_EXERCISE MATERIALS_.
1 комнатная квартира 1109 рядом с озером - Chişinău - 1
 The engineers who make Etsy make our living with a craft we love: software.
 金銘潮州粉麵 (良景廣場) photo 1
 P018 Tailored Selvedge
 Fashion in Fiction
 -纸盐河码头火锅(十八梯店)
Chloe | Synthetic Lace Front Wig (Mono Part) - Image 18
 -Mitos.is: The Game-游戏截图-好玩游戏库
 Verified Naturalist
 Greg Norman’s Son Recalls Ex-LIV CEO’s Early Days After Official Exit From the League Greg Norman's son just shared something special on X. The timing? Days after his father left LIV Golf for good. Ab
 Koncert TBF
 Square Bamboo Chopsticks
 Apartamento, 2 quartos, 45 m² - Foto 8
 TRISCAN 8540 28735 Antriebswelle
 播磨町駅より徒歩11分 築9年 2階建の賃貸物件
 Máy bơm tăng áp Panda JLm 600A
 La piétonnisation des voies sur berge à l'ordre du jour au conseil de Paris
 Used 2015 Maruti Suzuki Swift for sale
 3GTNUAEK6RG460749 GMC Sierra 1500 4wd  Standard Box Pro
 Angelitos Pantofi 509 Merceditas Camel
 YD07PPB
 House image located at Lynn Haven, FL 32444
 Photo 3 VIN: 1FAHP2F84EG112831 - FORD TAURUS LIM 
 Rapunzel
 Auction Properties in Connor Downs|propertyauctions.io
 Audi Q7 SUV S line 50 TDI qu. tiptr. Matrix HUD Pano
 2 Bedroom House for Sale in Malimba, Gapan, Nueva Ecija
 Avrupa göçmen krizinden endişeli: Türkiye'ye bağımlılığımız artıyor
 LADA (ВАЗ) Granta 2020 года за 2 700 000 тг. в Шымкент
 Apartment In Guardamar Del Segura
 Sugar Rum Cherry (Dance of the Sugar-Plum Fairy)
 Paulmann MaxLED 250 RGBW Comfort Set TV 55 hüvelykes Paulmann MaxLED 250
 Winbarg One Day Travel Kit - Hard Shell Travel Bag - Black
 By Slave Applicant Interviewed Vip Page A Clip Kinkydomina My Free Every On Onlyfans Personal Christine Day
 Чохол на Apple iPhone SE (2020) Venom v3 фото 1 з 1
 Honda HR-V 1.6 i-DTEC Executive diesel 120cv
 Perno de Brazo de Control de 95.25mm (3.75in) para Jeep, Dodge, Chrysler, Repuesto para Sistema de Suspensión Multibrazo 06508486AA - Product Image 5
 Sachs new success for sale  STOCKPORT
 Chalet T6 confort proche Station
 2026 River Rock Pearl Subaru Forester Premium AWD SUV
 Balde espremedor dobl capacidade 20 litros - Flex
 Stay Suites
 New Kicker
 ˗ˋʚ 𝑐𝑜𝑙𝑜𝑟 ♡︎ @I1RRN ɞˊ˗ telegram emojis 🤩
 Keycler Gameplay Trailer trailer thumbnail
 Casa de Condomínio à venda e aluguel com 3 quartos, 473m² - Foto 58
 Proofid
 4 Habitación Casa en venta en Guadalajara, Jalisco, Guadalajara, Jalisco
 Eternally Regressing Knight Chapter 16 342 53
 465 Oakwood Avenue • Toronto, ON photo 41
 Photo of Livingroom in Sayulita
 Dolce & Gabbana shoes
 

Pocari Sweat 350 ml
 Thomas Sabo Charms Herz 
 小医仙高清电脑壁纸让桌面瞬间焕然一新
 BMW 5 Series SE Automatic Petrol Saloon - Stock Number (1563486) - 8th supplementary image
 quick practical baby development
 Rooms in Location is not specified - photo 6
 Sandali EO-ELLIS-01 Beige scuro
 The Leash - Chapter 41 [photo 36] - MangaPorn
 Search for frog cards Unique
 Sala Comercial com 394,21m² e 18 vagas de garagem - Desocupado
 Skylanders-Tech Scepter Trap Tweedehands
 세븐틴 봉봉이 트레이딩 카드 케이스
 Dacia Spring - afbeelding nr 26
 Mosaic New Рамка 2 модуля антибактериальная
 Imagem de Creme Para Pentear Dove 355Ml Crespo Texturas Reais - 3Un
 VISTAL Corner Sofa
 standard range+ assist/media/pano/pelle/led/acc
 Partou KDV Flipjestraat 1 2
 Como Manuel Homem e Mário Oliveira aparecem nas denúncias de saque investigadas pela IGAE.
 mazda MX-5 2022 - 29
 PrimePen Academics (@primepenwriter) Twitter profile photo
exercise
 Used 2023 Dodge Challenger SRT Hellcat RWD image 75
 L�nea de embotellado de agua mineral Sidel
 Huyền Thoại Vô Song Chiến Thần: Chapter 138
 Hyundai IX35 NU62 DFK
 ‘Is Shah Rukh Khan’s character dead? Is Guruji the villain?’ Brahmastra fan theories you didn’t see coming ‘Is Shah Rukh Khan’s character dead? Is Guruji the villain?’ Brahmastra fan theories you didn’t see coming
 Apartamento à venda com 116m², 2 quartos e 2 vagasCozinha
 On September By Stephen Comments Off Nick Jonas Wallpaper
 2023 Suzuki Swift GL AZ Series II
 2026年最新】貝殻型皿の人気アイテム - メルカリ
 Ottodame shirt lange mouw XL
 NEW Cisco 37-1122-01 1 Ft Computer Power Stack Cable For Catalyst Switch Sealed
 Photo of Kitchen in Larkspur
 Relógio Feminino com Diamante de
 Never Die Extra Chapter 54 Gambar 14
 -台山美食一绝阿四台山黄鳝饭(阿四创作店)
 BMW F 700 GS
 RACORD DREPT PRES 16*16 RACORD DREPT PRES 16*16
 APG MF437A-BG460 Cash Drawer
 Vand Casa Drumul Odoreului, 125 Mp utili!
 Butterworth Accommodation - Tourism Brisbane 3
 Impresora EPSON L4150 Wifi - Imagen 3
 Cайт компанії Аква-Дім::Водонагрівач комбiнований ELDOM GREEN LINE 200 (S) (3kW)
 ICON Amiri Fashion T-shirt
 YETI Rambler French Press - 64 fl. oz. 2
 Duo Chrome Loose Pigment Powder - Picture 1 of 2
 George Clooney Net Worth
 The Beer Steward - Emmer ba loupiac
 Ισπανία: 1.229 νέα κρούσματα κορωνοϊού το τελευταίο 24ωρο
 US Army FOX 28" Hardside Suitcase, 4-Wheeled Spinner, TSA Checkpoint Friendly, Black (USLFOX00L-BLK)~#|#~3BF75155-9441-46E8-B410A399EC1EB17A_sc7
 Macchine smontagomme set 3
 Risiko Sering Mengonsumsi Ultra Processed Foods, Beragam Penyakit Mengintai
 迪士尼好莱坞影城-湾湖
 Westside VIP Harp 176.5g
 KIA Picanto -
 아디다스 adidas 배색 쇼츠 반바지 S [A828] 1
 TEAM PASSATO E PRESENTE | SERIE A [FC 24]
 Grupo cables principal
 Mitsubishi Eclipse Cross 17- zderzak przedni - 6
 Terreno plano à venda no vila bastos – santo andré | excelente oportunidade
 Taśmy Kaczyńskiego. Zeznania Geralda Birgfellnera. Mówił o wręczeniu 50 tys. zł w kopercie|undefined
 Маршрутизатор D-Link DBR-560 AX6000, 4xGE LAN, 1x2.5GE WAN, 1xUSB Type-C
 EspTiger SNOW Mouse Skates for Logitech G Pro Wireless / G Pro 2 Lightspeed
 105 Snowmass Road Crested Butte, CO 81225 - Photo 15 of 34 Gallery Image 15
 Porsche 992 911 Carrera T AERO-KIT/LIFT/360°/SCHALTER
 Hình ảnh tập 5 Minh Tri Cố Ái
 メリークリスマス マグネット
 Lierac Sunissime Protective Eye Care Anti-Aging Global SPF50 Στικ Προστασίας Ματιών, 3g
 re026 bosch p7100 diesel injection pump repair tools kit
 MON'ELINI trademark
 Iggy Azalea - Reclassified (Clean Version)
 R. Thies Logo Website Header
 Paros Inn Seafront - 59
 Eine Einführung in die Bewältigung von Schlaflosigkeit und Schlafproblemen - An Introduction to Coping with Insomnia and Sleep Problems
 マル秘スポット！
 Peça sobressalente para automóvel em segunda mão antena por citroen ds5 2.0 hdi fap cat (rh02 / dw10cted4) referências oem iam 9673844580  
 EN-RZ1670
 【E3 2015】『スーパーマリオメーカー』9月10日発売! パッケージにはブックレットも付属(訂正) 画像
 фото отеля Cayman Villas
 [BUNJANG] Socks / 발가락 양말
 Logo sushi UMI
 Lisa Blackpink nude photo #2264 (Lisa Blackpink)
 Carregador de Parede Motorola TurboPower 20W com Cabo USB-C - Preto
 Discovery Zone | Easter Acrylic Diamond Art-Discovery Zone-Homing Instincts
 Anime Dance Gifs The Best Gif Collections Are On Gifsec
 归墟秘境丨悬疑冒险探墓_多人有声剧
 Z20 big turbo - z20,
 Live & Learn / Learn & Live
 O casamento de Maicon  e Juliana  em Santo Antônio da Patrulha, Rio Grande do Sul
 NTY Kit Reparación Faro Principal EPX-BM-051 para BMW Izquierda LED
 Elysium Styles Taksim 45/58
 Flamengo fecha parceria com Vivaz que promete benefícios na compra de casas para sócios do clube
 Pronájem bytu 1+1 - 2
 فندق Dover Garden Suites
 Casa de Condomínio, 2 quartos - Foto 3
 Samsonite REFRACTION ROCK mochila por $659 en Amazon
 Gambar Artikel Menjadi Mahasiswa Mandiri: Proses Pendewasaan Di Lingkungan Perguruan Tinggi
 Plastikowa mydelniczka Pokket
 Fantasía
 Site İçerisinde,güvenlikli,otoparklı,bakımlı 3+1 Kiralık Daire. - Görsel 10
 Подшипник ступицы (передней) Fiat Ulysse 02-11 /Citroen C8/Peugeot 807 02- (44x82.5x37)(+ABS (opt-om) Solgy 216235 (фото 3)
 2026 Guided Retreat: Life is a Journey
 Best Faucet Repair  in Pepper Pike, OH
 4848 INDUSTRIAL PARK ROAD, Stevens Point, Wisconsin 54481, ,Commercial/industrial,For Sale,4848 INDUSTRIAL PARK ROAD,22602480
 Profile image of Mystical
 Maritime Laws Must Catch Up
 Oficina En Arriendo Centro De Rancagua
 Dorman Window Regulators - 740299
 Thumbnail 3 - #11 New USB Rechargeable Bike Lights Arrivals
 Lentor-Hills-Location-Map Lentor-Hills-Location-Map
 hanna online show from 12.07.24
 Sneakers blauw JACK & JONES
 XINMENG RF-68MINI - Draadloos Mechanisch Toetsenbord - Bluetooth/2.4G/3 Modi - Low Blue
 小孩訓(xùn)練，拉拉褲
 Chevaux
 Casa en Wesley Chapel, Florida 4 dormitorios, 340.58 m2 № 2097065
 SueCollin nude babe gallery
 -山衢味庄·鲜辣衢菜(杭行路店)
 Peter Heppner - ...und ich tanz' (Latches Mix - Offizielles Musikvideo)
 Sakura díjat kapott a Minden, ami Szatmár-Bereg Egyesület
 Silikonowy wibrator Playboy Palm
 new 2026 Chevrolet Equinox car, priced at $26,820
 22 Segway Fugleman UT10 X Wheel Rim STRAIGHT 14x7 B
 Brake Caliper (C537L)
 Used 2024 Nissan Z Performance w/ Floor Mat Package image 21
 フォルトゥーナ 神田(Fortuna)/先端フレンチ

_DIRECTIONS FOR THIS TASK_. Search the data for the string "Dance" and copy out every line where it is found.

_EXERCISE RESPONSE_.
 Sugar Rum Cherry (Dance of the Sugar-Plum Fairy)
 Anime Dance Gifs The Best Gif Collections Are On Gifsec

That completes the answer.